Records contained in a dataset:

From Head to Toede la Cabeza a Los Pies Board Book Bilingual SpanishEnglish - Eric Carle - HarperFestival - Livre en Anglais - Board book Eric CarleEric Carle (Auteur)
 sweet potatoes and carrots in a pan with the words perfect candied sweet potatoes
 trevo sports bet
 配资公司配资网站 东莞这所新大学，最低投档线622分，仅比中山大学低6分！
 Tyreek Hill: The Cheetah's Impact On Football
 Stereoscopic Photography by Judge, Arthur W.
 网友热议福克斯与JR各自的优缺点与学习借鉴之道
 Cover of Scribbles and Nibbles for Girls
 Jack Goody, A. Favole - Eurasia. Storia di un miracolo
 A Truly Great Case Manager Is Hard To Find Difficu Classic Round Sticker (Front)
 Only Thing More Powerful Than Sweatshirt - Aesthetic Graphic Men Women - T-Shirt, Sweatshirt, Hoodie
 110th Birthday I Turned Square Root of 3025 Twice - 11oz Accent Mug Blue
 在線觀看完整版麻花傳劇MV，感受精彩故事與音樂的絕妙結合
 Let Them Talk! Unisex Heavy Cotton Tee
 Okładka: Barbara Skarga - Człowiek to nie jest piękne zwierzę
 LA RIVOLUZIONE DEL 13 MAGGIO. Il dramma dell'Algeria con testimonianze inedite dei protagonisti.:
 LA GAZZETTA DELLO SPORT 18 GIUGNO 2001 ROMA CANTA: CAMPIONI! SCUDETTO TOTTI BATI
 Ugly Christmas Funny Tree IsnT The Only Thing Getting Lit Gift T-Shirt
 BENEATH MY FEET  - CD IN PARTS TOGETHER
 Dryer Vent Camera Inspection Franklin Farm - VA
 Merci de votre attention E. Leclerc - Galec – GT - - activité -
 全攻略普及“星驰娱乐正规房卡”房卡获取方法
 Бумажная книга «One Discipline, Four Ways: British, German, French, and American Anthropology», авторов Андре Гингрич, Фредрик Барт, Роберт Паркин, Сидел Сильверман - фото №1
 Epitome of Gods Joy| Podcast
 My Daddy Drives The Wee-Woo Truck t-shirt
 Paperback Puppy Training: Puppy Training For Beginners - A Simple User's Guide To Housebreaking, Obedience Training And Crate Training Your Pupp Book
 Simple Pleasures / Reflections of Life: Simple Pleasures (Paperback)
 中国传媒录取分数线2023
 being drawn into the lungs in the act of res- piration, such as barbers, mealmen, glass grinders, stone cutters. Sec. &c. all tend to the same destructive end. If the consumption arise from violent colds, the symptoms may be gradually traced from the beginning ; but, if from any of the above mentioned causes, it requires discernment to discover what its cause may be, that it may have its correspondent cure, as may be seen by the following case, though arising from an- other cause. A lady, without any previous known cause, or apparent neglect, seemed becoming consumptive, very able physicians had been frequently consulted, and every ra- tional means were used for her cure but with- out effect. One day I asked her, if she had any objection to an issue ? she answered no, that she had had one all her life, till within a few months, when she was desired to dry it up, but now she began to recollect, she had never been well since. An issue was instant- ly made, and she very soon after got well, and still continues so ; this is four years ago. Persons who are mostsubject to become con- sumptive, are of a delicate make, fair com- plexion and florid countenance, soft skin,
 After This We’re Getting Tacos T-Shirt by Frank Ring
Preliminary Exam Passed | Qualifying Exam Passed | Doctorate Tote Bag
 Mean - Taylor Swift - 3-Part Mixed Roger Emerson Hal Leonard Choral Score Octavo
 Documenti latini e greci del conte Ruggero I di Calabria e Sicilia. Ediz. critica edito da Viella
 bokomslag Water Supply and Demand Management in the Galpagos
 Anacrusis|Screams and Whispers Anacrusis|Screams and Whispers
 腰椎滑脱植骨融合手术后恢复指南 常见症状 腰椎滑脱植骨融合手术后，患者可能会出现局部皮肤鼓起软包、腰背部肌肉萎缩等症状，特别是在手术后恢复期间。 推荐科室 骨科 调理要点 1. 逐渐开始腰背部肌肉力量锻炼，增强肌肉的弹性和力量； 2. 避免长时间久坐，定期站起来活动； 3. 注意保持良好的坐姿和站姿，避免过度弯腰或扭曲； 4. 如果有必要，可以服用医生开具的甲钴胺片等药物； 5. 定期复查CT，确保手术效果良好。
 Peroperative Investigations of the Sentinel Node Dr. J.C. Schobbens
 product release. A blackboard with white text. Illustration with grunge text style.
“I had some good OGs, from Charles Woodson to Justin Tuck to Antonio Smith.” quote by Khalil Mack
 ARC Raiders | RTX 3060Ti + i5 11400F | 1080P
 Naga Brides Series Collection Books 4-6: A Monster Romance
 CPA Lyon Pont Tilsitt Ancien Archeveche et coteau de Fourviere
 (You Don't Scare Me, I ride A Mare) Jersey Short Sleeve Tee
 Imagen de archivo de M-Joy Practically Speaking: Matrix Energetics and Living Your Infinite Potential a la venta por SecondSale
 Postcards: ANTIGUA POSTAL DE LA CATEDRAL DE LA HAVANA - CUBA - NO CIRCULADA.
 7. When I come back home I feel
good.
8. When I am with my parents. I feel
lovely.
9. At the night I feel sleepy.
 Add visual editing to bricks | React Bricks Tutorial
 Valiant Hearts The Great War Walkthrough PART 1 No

§ BRIEF
When the line with "LA GAZZETTA DELLO" is reached in the data above, begin copying, and stop after the line with "中国传媒录取分数线2023"; copy each line exactly, both ends included.

§ COMPLETED EXERCISE
 LA GAZZETTA DELLO SPORT 18 GIUGNO 2001 ROMA CANTA: CAMPIONI! SCUDETTO TOTTI BATI
 Ugly Christmas Funny Tree IsnT The Only Thing Getting Lit Gift T-Shirt
 BENEATH MY FEET  - CD IN PARTS TOGETHER
 Dryer Vent Camera Inspection Franklin Farm - VA
 Merci de votre attention E. Leclerc - Galec – GT - - activité -
 全攻略普及“星驰娱乐正规房卡”房卡获取方法
 Бумажная книга «One Discipline, Four Ways: British, German, French, and American Anthropology», авторов Андре Гингрич, Фредрик Барт, Роберт Паркин, Сидел Сильверман - фото №1
 Epitome of Gods Joy| Podcast
 My Daddy Drives The Wee-Woo Truck t-shirt
 Paperback Puppy Training: Puppy Training For Beginners - A Simple User's Guide To Housebreaking, Obedience Training And Crate Training Your Pupp Book
 Simple Pleasures / Reflections of Life: Simple Pleasures (Paperback)
 中国传媒录取分数线2023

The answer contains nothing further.